The last ones I got from San Fernando Tire where reinforced. They were a distributer for Allied Wheel Co. Those were the best ones, imo. I don't know if they still get Allied Supremes. A guy I know got some through Wheel Vintiques. They were made by Unique. They were reinforced, but the centers looked funny. Not the same as the oldschool Supreme. The dude that's at Pomona Swap(along the back wall) always has some for 120 a piece. They're NOT reinforced. He also sells black ones(ugly as fuck). I'm pretty sure Summit sells some, but I don't knw which they are. So the short answer is I don't know. If you order them online, make sure you ask if they are reinforced. If they're not, send those bitches back.


----------



## racerboy (Jul 22, 2007)

awesome write up on supremes! they are one of my favorite wheels.
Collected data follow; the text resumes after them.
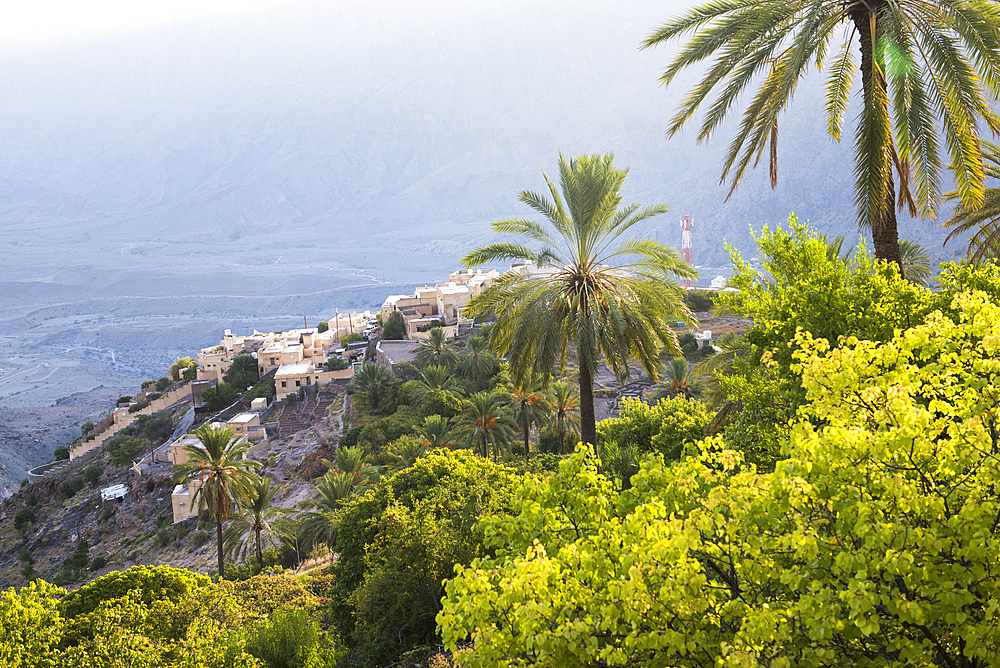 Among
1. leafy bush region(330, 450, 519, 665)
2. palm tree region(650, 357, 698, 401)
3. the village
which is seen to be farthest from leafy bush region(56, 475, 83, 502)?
leafy bush region(330, 450, 519, 665)

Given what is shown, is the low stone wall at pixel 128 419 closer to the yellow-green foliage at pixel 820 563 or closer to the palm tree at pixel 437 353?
the palm tree at pixel 437 353

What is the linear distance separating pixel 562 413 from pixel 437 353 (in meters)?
20.1

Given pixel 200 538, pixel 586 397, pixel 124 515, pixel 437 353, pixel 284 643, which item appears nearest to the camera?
pixel 284 643

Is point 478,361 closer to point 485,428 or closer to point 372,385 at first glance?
point 372,385

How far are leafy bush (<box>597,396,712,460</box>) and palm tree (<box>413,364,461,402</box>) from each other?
1661 centimetres

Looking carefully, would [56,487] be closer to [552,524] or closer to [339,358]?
[339,358]

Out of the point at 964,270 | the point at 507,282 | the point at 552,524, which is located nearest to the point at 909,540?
the point at 552,524

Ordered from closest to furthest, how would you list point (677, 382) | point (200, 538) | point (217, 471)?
point (217, 471) < point (677, 382) < point (200, 538)

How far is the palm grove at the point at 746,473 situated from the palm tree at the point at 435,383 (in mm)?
18578

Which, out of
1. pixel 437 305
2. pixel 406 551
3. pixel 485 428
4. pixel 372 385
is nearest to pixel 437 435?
pixel 485 428

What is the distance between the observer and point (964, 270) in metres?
9.82

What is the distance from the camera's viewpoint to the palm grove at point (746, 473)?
15.1ft

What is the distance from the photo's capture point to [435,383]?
42844mm

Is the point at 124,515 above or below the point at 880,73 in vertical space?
below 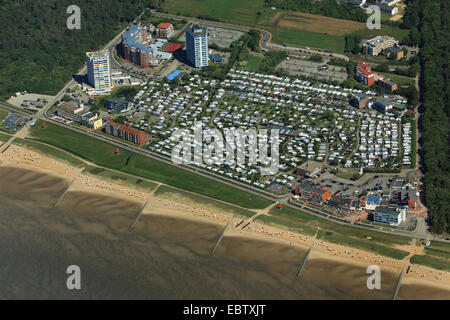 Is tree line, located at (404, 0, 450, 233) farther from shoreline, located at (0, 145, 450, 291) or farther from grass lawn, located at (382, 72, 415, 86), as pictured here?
shoreline, located at (0, 145, 450, 291)

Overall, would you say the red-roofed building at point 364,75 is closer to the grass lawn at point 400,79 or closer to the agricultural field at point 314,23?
the grass lawn at point 400,79

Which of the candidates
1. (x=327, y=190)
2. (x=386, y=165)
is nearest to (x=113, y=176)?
(x=327, y=190)

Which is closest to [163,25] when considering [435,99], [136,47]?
[136,47]

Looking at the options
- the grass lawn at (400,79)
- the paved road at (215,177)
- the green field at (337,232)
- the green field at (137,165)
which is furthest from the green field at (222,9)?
the green field at (337,232)

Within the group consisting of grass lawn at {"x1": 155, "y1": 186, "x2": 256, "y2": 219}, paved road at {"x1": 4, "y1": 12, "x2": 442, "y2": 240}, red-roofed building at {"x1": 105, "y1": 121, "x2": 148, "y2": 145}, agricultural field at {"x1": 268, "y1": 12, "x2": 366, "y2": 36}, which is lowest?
grass lawn at {"x1": 155, "y1": 186, "x2": 256, "y2": 219}

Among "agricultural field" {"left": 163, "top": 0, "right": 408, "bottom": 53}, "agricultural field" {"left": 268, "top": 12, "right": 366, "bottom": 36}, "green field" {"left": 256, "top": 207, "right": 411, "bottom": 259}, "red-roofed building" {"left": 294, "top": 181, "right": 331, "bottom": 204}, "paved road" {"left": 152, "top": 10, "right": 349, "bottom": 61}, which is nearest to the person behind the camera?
"green field" {"left": 256, "top": 207, "right": 411, "bottom": 259}

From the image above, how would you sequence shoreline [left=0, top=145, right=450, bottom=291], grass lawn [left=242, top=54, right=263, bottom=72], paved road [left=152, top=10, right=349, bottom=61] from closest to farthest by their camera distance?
shoreline [left=0, top=145, right=450, bottom=291] → grass lawn [left=242, top=54, right=263, bottom=72] → paved road [left=152, top=10, right=349, bottom=61]

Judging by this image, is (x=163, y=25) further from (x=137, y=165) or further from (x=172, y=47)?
(x=137, y=165)

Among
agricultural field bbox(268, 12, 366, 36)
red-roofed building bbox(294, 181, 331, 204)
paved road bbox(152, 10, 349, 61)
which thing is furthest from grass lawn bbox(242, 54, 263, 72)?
red-roofed building bbox(294, 181, 331, 204) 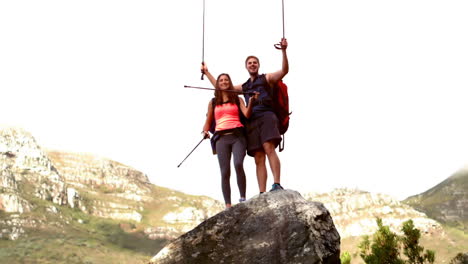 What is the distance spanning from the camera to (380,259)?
23.0m

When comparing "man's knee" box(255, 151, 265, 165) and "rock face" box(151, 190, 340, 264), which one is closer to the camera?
"rock face" box(151, 190, 340, 264)

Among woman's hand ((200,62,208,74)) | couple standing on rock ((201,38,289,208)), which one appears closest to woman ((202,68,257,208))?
couple standing on rock ((201,38,289,208))

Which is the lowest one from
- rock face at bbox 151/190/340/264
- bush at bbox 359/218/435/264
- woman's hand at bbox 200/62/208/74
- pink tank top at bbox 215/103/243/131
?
bush at bbox 359/218/435/264

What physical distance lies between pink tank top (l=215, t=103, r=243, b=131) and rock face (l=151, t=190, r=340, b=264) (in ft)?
5.55

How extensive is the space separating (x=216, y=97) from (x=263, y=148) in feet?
3.87

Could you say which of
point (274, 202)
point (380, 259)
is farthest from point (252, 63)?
point (380, 259)

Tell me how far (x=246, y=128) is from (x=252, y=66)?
1.12 metres

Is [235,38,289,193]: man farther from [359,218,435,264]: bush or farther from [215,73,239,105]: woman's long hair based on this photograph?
[359,218,435,264]: bush

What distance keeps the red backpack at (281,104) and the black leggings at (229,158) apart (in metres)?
0.69

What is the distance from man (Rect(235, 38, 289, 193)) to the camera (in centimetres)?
696

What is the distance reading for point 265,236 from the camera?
5363 millimetres

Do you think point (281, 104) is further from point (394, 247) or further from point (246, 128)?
point (394, 247)

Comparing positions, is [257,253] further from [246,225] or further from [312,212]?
[312,212]

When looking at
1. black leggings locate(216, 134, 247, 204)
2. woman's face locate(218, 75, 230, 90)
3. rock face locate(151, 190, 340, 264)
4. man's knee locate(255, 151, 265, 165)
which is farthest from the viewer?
woman's face locate(218, 75, 230, 90) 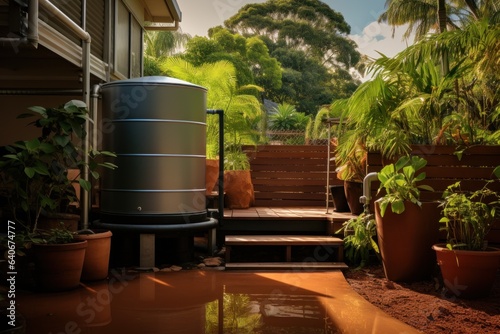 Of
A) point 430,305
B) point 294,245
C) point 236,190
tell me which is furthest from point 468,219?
point 236,190

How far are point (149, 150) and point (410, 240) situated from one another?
8.35 ft

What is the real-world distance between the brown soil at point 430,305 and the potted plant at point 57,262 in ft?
7.47

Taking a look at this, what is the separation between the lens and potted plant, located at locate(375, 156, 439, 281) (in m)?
4.52

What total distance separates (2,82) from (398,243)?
5281 mm

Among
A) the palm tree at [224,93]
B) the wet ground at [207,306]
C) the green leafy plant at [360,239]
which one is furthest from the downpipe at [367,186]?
the palm tree at [224,93]

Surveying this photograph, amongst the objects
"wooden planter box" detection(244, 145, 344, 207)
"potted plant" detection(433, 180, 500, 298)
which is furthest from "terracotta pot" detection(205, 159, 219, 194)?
"potted plant" detection(433, 180, 500, 298)

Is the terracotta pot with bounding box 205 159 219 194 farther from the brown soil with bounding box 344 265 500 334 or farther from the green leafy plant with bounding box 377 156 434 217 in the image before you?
the green leafy plant with bounding box 377 156 434 217

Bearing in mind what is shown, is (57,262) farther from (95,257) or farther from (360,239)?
(360,239)

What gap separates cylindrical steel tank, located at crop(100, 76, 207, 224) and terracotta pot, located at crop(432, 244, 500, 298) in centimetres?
254

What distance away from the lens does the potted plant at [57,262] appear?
4.05 metres

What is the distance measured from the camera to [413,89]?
5898mm

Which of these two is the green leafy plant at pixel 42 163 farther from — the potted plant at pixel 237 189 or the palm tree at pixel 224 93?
the palm tree at pixel 224 93

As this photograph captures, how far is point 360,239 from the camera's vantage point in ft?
17.0

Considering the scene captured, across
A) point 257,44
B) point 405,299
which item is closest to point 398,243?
point 405,299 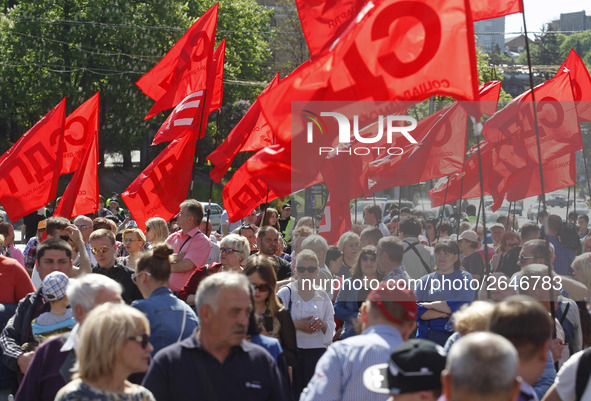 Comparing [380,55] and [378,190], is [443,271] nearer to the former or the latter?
[378,190]

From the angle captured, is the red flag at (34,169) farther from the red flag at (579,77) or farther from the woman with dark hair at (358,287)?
the red flag at (579,77)

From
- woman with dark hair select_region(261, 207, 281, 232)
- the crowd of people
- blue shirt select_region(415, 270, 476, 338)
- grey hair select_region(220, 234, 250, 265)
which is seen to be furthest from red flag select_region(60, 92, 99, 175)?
blue shirt select_region(415, 270, 476, 338)

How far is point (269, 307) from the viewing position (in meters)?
5.93

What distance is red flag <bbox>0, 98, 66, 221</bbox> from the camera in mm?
11102

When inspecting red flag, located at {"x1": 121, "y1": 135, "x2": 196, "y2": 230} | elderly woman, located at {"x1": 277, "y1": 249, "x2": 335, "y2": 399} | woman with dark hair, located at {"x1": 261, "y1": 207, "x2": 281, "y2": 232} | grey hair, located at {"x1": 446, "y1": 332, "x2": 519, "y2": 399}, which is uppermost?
red flag, located at {"x1": 121, "y1": 135, "x2": 196, "y2": 230}

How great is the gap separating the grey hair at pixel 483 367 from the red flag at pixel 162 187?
7864mm

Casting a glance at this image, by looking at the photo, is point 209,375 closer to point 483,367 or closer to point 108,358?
point 108,358

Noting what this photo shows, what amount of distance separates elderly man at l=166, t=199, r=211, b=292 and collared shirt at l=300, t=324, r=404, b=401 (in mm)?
4230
is there anyway to tell the original astro type from a repop? i picked up 5 supremes from a guy, and judging by the boxes they came in, id say they were pretty old.


----------



## lowtoad (Feb 18, 2009)

> _Originally posted by Eryk_@Oct 29 2009, 08:18 PM~15509484
> *
> And here's a pic of the ones I just had made. 15x10 in the rear and 13x5.5 in the front.
> 
> ...


Any more pics of the buggy? That is so cool!

:thumbsup:


----------



## bam_bam (Mar 13, 2009)

NNNNNNNNNNNNNNNNOOOOOOOOOOOOOOOOOOOO


----------